Developing A Recipe:

If you are a beginning machinist, you are probably most familiar with RPM and feedrate – and that’s okay! You can easily become familiar with creating recipes based solely off of these two factors, especially when using the same sized tools in the same material. However – we strongly recommend using feed per tooth and Surface Speed to control your cuts! Why?

1. This tells you exactly how much material your tool is cutting off each time a flute contacts the work, letting you adjust how conservative/aggressive your recipe is easily. You can also be sure a smaller tool is not taking on too much material which is especially important in machines with RPM limitations.
2. Many manufacturers give SFM recommendations for a tool, and not RPM.
3. Materials have an optimal SFM range, whereas there is no optimal RPM because cutting conditions change drastically with two different diameter tools at the same RPM.
4. Most importantly, this makes recipes “scalable” – meaning you can move between tools of different sizes and use a similar recipe as a starting point. If your main parameters are surface speed and FPT and your DOC and WOC are set as percentages of your tool’s diameter you can EASILY transfer this recipe to a tool of another size and have a great starting recipe. The places you may run into issues are:
     a. Trying to run a small tool at the same surface speed may calculate an RPM that is higher than your machine is capable of. Don’t worry! If FPT is your other driving factor, setting RPM to the machine max will adjust your feedrate and SFM to match and you will get a recipe that your machine is capable of doing – albeit a little slower than if you had the full RPM range.
     b. Using the same recipe and jumping to a larger tool may require more horsepower than your machine has and you will need to dial it back. If you’re pushing your machine to its limit, it’s a good idea not to jump to a significantly larger tool and try the same parameters. That being said, this method should always give a good starting point provided it isn’t the most aggressive recipe your machine can run.

What is Chip Thinning?

Earlier we talked about Feed per Tooth, which controls the thickness of the chip and how much material each flute engages. In reality, this number is only technically correct when the tool is cutting at or above 50% of its cutting diameter – which is pretty uncommon. As you can see the image below, each chip is widest at the lagging edge of the flute (entering the cut) and gradually thins until it is cut off at the leading side (as the flute exits the cut).

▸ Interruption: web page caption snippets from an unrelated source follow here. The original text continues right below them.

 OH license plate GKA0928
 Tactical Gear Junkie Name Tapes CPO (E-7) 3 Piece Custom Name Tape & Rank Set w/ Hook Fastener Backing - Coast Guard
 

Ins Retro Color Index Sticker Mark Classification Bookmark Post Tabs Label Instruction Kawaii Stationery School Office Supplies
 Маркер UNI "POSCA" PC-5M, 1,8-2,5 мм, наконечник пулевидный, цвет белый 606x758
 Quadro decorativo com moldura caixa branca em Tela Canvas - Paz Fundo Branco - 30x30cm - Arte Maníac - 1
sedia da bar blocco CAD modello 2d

Image courtesy of Harvey Tool

Why does this matter? When you start cutting with less than 50% of the tool’s diameter the actual FPT is less than the programmed FPT. In most applications this is nothing to worry about as we take a large enough radial depth of cut that the tool is not being damaged.

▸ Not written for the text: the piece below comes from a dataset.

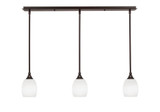 Any 3 Light Linen Glass Linear Pendant 37 Inch Length by Toltec - 36-5-775-37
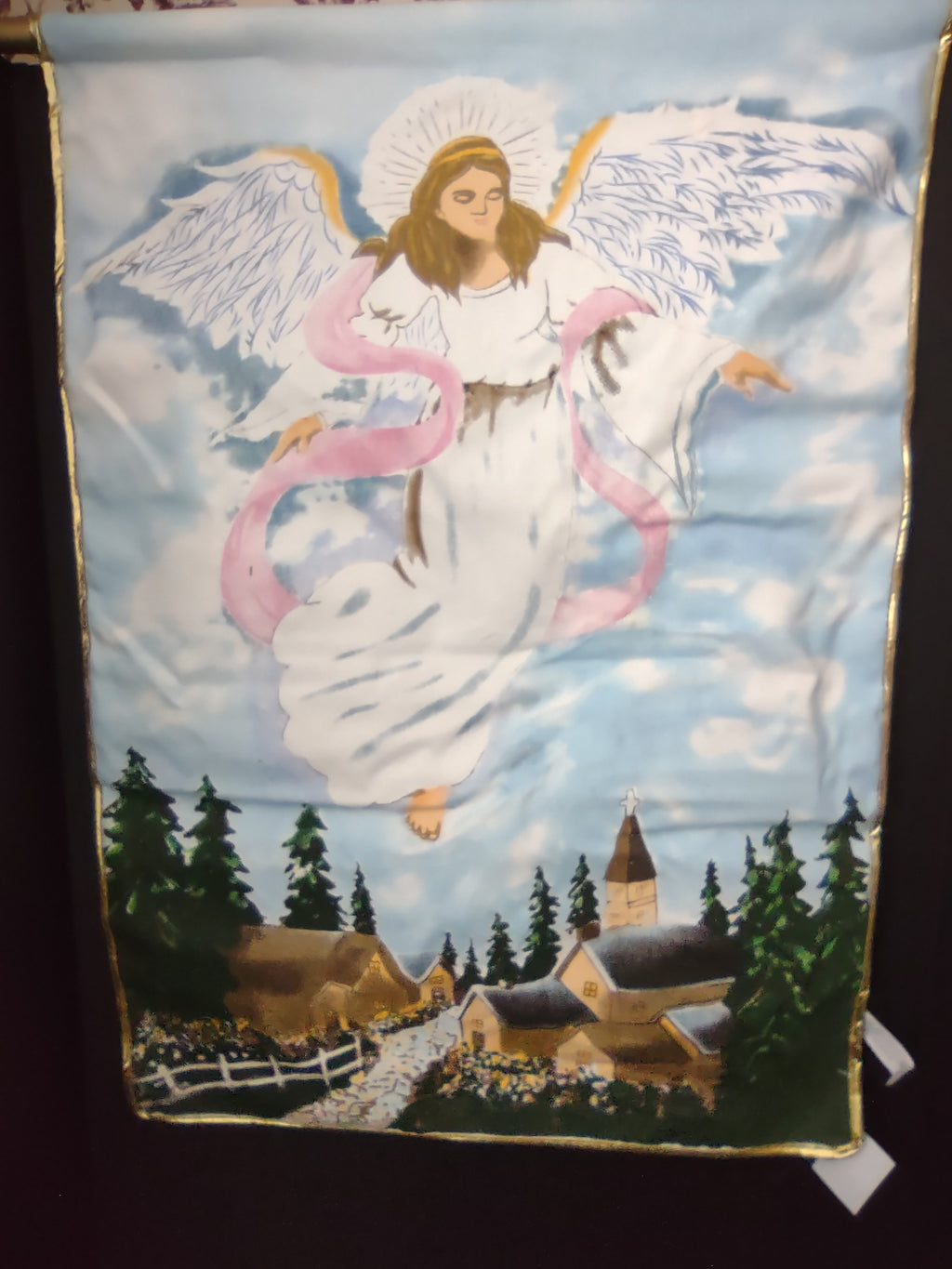 Christmas Holidays Fiber Optic Light Up Angel Blue Tapestry (lot 1253)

When taking increasingly small cuts with a small FPT and increasingly large tools, issues start popping up. A half inch tool taking a .001” finishing pass at a programmed FPT of .005” results in an actual FPT of only 0.0004” – and before you ask, no, the extra zero isn’t a typo. As you can see, checking the chip thinning FPT with the programmed value can be critical to tool life and preventing rubbing when taking small passes.